The project is a Foundry Hosted Agent paired with a local CLI that automates the most tedious part of developer documentation: keeping wiki entries in sync with live code. The CLI scans the repository on the developer's machine. The agent, running in Azure, generates prose, builds diagrams, and publishes the result through the Azure DevOps Wiki REST API. The boundary between them is clean. The developer never needs a PAT, never needs access to Key Vault, and never needs to know what a service principal is.
Azure Foundry
Azure Foundry is Microsoft's platform for building, deploying, and operating AI applications. It provides a project-based resource model where each project has its own endpoint, model deployments, role-based access control, and service infrastructure. The Documentation Copilot uses three Foundry capabilities.
A Foundry Hosted Agent is a containerised Python application that the platform runs and manages. You provide source code, a runtime version, and an entry point. Foundry packages the code, provisions the container, and exposes a Responses-protocol endpoint that the azure-ai-projects SDK can call. The agent runs as a platform-assigned managed identity, separate from the developer's user identity, which allows it to authenticate to Azure services like Key Vault without storing credentials. The agent's health is monitored through HTTP readiness probes on port 8088. If the agent fails, Foundry restarts it.
The model deployment provides the reasoning capacity for prose generation. Deepseek-v4-Flash is deployed as a serverless endpoint within the Foundry project, configured with the GlobalStandard SKU for pay-per-token billing. The agent calls this model through the azure-ai-projects SDK, using the same AIProjectClient that the CLI uses to invoke the agent. The model never sees raw source code. It receives structured metadata — function names, parameter types, return annotations, docstrings — and produces narrative descriptions suitable for a developer audience.
The Foundry project owns the security boundary. Every API call, whether to the model or to the agent, goes through the project's endpoint and is authenticated by DefaultAzureCredential using either the caller's Azure CLI session or the agent's managed identity. Role assignment controls which operations each caller can perform. The agent's managed identity has Key Vault Secrets User access to read the service principal's client ID and secret, and the developer's identity has Foundry User to invoke the agent and the model.
Azure Developer CLI
The Azure Developer CLI, or azd, is Microsoft's tool for provisioning and deploying Azure applications from a project template. It reads an azure.yaml file and an infra/ directory to understand the project structure and infrastructure requirements. The Foundry Toolkit extension adds agent-specific commands.
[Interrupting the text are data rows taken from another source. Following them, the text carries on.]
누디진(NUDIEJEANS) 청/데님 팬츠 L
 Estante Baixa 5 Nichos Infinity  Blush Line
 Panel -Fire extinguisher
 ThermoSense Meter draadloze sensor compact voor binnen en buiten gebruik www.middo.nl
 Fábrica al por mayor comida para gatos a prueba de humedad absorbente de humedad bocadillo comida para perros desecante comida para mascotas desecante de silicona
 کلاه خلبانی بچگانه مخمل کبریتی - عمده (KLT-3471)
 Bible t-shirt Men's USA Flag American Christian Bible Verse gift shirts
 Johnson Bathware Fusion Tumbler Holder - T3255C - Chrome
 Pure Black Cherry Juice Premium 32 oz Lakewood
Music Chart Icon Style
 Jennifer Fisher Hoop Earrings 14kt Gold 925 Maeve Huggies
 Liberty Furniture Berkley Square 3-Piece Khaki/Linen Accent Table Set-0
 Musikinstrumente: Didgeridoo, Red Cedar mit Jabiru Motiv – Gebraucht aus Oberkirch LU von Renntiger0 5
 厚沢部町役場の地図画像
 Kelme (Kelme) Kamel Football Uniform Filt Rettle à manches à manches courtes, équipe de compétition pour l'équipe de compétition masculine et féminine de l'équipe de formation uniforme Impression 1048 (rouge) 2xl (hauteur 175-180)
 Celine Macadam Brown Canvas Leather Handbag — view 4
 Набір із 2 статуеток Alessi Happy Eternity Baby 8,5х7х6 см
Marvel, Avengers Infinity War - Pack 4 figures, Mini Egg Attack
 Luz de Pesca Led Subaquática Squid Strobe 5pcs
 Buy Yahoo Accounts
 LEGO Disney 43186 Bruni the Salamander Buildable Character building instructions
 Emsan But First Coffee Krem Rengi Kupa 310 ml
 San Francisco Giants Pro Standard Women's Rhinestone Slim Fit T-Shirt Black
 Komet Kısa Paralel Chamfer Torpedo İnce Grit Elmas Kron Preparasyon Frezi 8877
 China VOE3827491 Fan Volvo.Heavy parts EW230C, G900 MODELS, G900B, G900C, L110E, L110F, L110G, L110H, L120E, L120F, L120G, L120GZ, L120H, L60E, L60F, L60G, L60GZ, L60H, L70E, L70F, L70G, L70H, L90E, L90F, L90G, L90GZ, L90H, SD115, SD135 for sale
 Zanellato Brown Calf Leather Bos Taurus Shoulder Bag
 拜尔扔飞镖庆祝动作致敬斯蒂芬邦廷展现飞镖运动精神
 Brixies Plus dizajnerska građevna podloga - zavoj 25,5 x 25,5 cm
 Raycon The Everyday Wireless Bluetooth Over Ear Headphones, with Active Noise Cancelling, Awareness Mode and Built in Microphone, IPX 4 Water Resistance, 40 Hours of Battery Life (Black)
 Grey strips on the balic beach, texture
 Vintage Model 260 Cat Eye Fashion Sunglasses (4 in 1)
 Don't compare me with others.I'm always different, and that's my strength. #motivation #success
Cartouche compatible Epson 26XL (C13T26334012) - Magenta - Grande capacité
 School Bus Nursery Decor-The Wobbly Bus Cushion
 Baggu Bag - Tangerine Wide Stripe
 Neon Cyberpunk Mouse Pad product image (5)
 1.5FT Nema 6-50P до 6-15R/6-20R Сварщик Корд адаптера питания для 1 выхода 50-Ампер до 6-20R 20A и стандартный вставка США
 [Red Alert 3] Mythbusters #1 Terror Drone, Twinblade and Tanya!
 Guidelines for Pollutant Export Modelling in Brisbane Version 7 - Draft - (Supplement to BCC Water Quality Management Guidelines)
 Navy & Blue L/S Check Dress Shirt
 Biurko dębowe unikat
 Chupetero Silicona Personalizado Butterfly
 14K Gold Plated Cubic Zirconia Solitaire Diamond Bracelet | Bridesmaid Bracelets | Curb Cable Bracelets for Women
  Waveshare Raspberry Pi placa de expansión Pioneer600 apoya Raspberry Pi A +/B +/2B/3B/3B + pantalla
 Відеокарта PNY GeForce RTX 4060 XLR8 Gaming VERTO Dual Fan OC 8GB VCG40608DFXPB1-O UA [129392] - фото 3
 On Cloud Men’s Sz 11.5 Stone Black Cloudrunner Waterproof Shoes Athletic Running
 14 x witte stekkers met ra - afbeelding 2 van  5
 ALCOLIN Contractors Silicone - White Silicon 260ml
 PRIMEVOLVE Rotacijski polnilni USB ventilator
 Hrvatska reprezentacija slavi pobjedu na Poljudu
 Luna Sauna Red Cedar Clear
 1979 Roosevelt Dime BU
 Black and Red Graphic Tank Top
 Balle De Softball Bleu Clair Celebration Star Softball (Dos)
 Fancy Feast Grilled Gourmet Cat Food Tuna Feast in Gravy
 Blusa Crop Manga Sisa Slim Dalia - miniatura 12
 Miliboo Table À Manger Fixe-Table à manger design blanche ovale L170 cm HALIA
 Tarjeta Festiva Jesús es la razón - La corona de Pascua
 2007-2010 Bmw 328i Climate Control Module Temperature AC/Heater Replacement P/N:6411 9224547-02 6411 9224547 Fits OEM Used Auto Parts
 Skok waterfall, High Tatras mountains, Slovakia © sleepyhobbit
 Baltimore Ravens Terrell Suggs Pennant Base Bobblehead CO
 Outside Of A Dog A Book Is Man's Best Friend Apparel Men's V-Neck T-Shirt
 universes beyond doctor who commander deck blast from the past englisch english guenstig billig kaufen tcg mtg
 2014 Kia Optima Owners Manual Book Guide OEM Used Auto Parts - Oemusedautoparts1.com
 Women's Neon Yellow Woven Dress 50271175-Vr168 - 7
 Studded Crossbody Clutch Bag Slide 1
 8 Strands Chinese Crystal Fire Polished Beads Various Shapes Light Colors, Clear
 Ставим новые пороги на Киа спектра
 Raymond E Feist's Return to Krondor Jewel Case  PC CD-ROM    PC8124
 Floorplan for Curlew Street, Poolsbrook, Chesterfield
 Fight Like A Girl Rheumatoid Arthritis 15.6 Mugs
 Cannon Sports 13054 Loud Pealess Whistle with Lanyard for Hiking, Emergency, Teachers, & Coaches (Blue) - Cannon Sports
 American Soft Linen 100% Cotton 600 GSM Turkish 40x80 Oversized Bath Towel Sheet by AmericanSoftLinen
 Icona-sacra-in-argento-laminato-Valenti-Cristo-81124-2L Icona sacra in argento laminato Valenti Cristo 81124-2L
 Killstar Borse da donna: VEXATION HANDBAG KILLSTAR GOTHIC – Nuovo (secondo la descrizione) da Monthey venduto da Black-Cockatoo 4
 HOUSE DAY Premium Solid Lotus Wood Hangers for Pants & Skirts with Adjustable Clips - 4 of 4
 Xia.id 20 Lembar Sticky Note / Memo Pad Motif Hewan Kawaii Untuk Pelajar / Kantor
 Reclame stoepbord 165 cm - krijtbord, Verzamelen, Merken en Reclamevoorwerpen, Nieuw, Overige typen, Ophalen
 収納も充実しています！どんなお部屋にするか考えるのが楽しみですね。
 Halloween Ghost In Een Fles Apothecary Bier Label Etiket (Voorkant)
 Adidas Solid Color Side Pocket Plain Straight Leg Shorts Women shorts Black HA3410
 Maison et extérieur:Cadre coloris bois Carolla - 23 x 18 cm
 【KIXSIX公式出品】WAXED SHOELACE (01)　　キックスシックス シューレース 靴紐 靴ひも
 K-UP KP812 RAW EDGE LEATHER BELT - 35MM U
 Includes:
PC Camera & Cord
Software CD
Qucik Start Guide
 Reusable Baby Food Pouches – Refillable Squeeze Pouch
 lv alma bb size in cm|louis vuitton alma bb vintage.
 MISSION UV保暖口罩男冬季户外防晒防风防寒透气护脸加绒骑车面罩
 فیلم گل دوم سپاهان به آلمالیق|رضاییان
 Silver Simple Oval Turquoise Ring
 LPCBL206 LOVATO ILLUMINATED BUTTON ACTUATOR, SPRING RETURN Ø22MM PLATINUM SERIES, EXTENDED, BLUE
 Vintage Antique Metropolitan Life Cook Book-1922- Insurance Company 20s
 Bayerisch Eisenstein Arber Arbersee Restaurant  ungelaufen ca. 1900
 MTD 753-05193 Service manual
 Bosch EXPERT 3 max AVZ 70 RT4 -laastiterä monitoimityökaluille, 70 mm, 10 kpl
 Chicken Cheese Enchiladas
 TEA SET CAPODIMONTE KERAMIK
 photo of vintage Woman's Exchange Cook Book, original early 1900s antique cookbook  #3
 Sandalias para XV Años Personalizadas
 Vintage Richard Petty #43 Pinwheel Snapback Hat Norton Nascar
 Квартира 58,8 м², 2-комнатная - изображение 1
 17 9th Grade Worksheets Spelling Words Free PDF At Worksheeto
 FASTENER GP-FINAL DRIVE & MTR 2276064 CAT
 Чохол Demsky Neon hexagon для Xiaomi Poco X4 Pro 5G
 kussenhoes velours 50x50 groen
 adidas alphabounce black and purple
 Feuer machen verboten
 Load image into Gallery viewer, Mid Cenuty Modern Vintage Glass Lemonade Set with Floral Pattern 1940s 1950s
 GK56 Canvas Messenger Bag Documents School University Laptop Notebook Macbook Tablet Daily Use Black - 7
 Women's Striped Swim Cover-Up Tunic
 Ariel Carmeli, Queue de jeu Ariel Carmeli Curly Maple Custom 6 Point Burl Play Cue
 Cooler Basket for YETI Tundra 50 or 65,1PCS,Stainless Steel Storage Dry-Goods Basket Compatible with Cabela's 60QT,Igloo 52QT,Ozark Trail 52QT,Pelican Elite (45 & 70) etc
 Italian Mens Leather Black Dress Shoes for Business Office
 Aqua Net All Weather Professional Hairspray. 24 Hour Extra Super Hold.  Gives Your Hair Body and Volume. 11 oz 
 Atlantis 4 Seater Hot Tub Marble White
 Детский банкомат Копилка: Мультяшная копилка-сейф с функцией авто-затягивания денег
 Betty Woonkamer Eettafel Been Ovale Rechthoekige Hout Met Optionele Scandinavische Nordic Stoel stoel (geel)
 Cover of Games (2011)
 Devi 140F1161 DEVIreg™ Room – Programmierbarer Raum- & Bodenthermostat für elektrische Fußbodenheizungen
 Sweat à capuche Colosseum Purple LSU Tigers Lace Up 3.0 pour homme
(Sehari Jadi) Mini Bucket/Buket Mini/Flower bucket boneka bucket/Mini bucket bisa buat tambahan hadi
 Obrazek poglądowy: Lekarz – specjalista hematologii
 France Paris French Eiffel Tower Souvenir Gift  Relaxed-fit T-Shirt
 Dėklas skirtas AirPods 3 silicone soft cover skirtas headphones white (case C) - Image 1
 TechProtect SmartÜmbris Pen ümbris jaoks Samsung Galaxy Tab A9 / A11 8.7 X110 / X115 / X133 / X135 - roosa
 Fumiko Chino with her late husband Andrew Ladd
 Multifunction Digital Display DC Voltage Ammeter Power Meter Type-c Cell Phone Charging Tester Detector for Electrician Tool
The deployment lifecycle for this project follows five azd commands that run in sequence. azd ai agent init scaffolds the project with the Foundry agent template. It creates the documentation-copilot/ directory with a sample agent.yaml and sets up the azure.yaml manifest. The init command accepts a manifest URL from the Foundry samples repository, a project resource ID, a runtime version, an entry point, and a deployment mode. The deployment mode is code, meaning the source is uploaded as a zip rather than packaged in a container image.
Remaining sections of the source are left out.